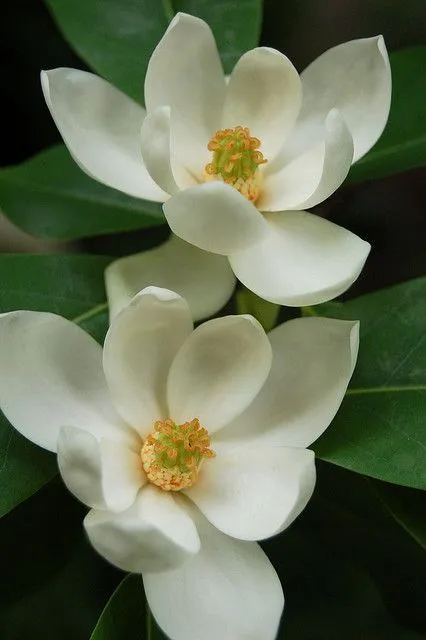 https://dogargardens.com/product/coco-magnolia-tree/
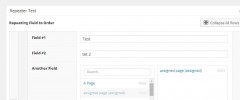 Advanced Custom Fields Repeater & Flexible Content Fields Collapser screenshot 1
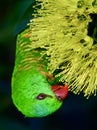 A wild scaly breasted lorikeet in Queensland, Australia Royalty Free Stock Photo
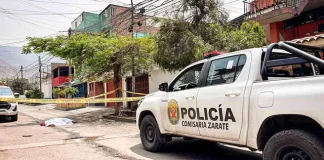 Policía dispara y mata a perro en San Juan de Lurigancho: investigan el caso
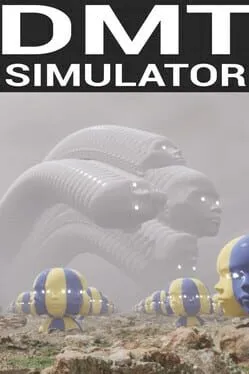 DMT Simulator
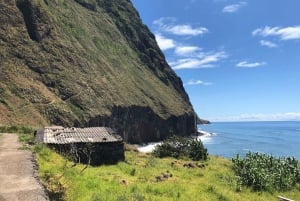 Madeira: Privat guidad halvdagsutflykt till nordvästra Madeira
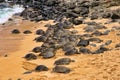 Large group of green sea turtle resting on Hookipa beach on Maui, Hawaii. Royalty Free Stock Photo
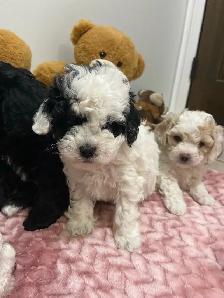 adorable Cavapoochon’s! ♥️ - Photo 9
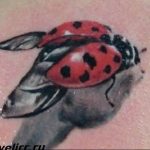 photo ladybug tattoo 17.04.2019 №033 - idea for ladybug tattoo - tattoovalue.net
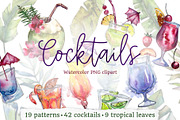 Cocktail illustrations party
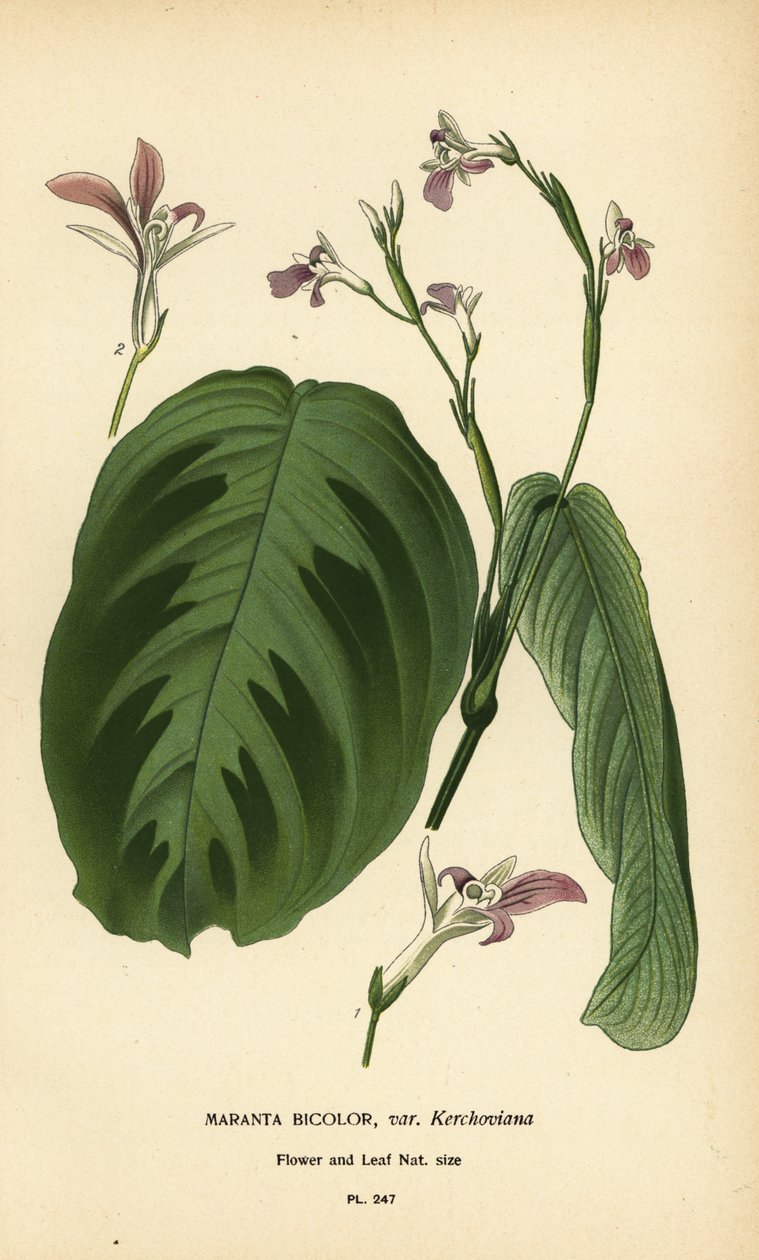 Biddende plant, Maranta leuconeura (Maranta bicolor var. Kerchoviana) door Désiré Georges Jean Marie Bois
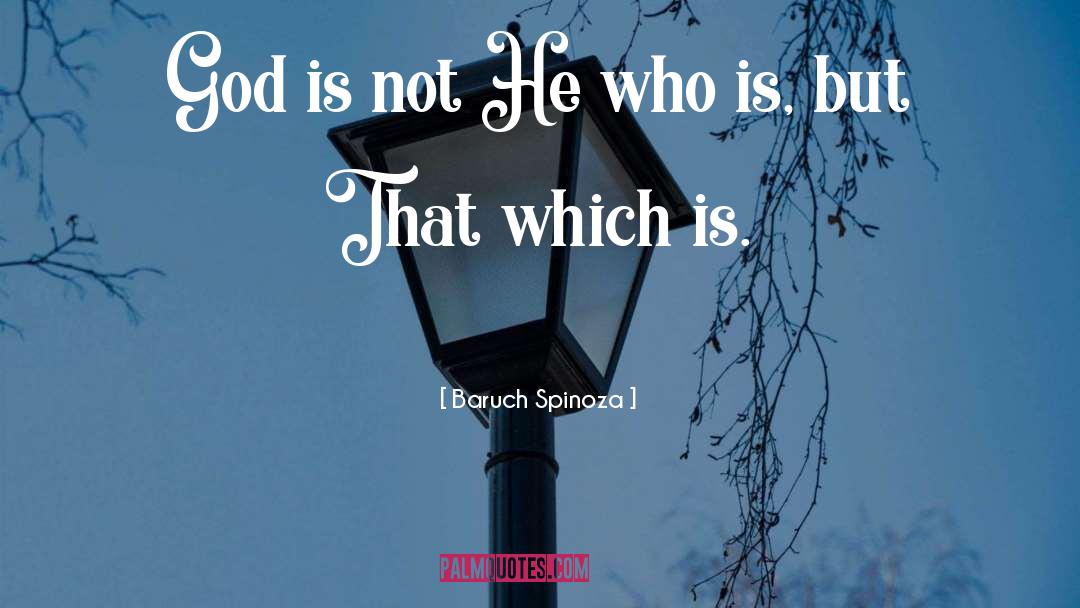 Baruch Spinoza quotes by Baruch Spinoza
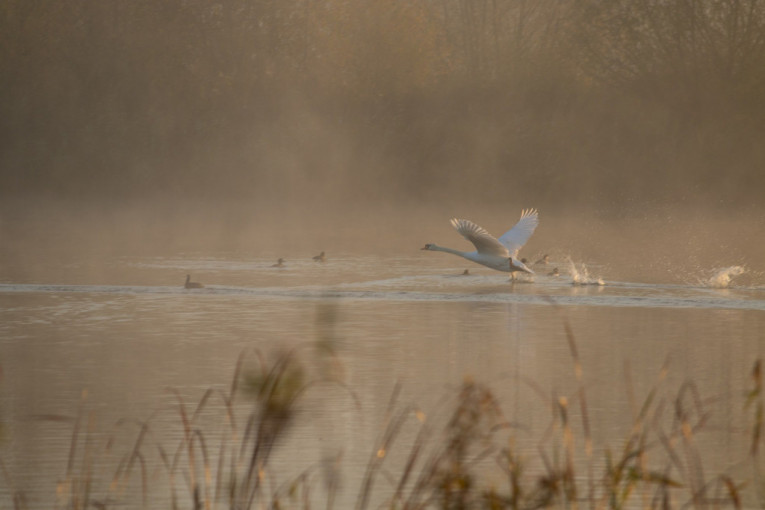 Pesticidi i kanalizacija ubili labudove na levoj obali Dunava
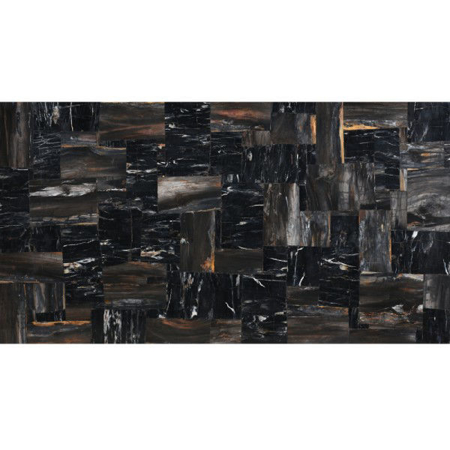 Black Petrified Wood Retro Natural Stone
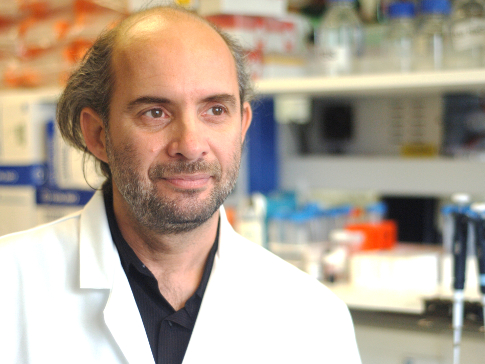 Dr Spiros Linardopoulos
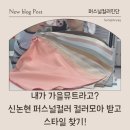 강남대로83길 56-11 | 강남 퍼스널컬러 잘하는 곳 찾다가 컬러모아 방문한 후기 (1:1 진단 리얼 후기)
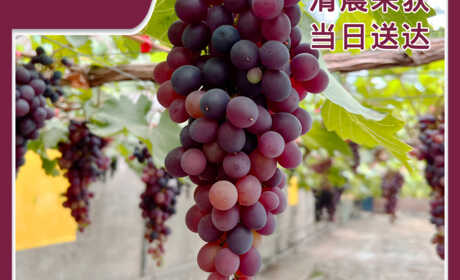 树熟鲜葡萄-爱神玫瑰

Work required: In your answer, copy exactly the lines running from the line with "adorable Cavapoochon’s! ♥️ - Photo 9" to the end of the material above, both included, and omit all pictures.

Problem solution:
 adorable Cavapoochon’s! ♥️ - Photo 9
 photo ladybug tattoo 17.04.2019 №033 - idea for ladybug tattoo - tattoovalue.net
 Cocktail illustrations party
 Biddende plant, Maranta leuconeura (Maranta bicolor var. Kerchoviana) door Désiré Georges Jean Marie Bois
 Baruch Spinoza quotes by Baruch Spinoza
 Pesticidi i kanalizacija ubili labudove na levoj obali Dunava
 Black Petrified Wood Retro Natural Stone
 Dr Spiros Linardopoulos
 강남대로83길 56-11 | 강남 퍼스널컬러 잘하는 곳 찾다가 컬러모아 방문한 후기 (1:1 진단 리얼 후기)
 树熟鲜葡萄-爱神玫瑰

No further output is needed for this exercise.